Originally intended as a one-year economic relief measure for Americans who do not itemize, tax experts say it's likely that the new write-off will turn into a permanent feature in the tax code. Currently it would apply only to tax returns filed on 2008 incomes, and cost the federal treasury anywhere from an estimated $1.2 billion to $1.5 billion for the year.
According to an analysis of 2005 IRS data by the nonprofit Tax Foundation, only 35.6 percent of all taxpayers - tenants as well as homeowners - itemize on their returns. In some states, such as West Virginia, the percentage is less than 20 percent. Only in Maryland, a relatively high-income state, did more than 50 percent of taxpayers itemize. Among homeowners nationwide, an estimated one-half itemize, but one-third of all homeowners have no mortgage debt against their property, and therefore do not claim mortgage interest as a deduction.
The new legislation would effectively add another tax preference for people who own houses while offering nothing to those who rent. The idea, say supporters, is to provide greater tax fairness for a huge category of owners - often seniors and lower- to moderate-income households - who opt for the standard deduction but also pay local and state property taxes.
Critics of the plan say it's just another example of the government's ongoing, inequitable approach to housing policy - overemphasizing the financial benefits for homeownership versus renting. Some critics argue that these heavy tax subsidies for ownership helped stimulate buyer mania during the boom years, along with zero-down and "stated-income" financing that put thousands of people into real estate they never could afford.

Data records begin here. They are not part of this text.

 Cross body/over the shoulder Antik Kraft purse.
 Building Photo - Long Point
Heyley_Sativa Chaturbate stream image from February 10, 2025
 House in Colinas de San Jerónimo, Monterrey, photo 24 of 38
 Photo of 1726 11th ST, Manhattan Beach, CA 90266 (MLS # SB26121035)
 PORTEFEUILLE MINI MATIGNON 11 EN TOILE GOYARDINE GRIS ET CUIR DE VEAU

"We think [the new deduction] is terrible policy," said James Arbury, senior vice president for government affairs of the National Multi Housing Council, the country's principal trade group for rental property developers, owners and managers. "It actually makes things worse, rather than better" by sweetening the pot further for ownership while ignoring tenants - the vast majority of whom are also nonitemizers.
"Many renters are under the same economic duress as owners," said Arbury. "But nobody is giving them new tax deductions."

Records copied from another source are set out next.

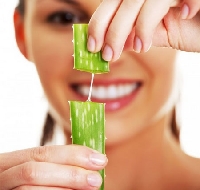Why aloe vera helps sunburn and how to use it to pamper your sun burned skin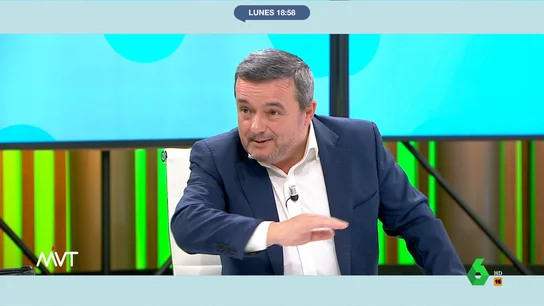 El colaborador de Más Vale Tarde Chema Crespo. Hicieron cola y compraron palomitas: así fue la cita de los reyes en unos cines de Madrid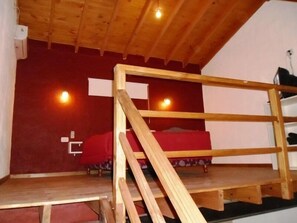 舒適複式房屋, 山景 | 床單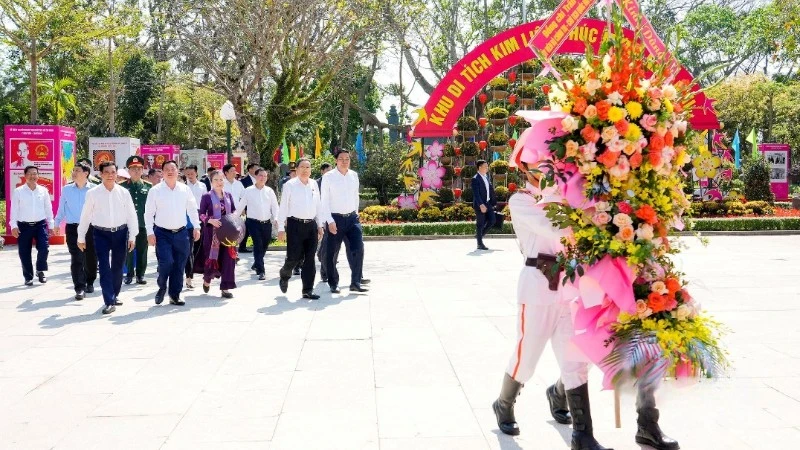 Đồng chí Trần Thanh Mẫn về Khu Di tích quốc gia đặc biệt Kim Liên dâng hoa, dâng hương tưởng niệm Chủ tịch Hồ Chí Minh.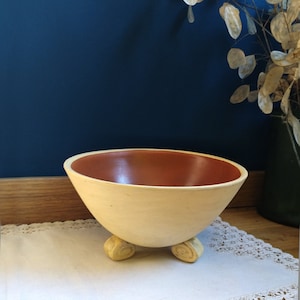 Vintage Ceramic Bowl with Legs: Handmade Pottery, 1950s Decor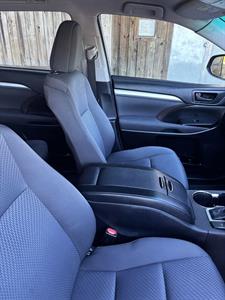 2017 Toyota Highlander - Thumbnail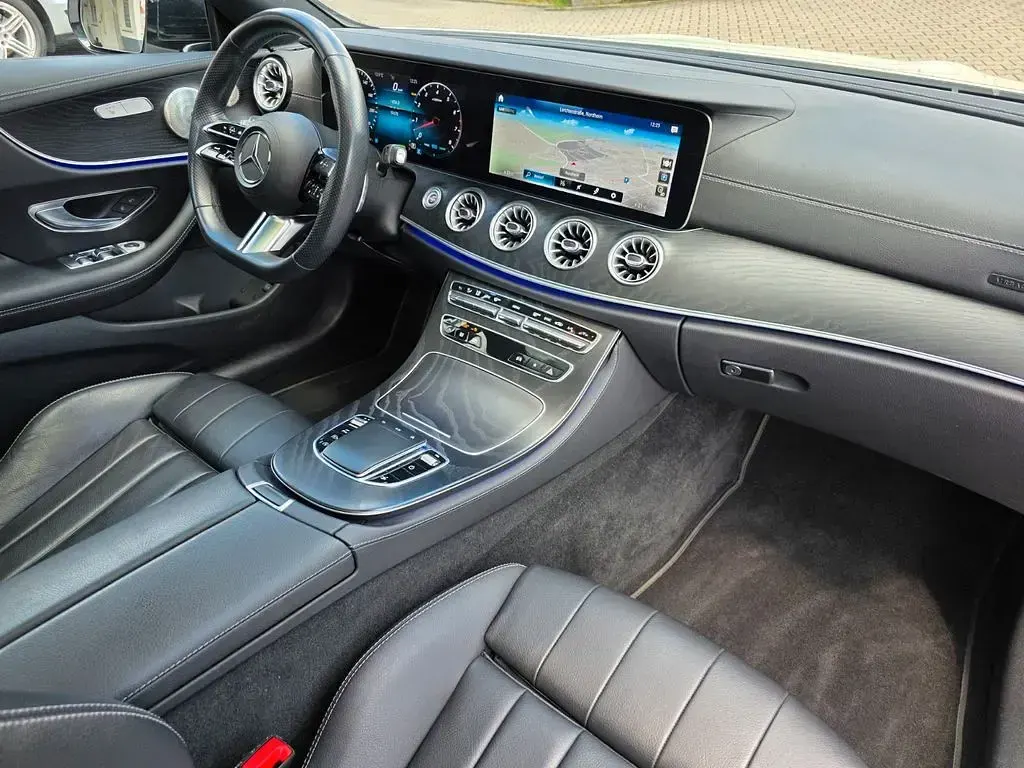 Gebraucht Mercedes E450 AMG line 367 PS (269 kW) 2022 Polarweiss  unilack Coupé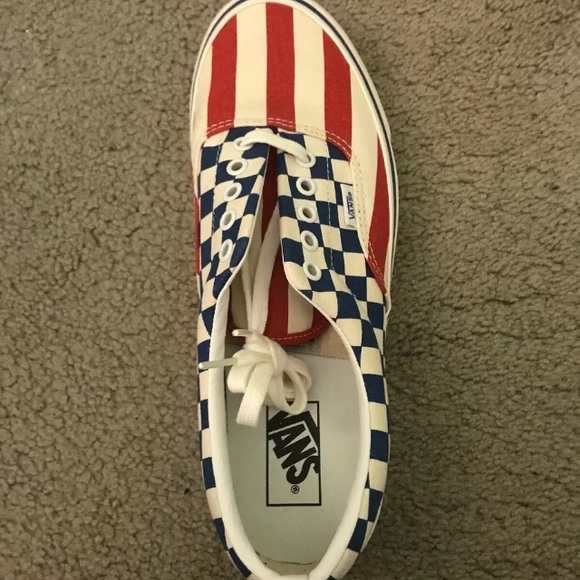 NEW Vans Red striped Blue checker - Picture 3 of 3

The National Multi Housing Council has fought a long, unsuccessful campaign to persuade Congress to take a more even-handed approach in supporting taxpayers' housing choices.
"We understand why members [of Congress] would want to put more goodies in homeowners' baskets" in political terms, said Arbury. Owners outnumber renters roughly 2-1 and have influential lobbies such as the National Association of Realtors and the National Association of Home Builders pushing their interests year-round. But renters ultimately end up paying for part of the subsidies that flow to owners, and, say critics such as Arbury, that's not fair.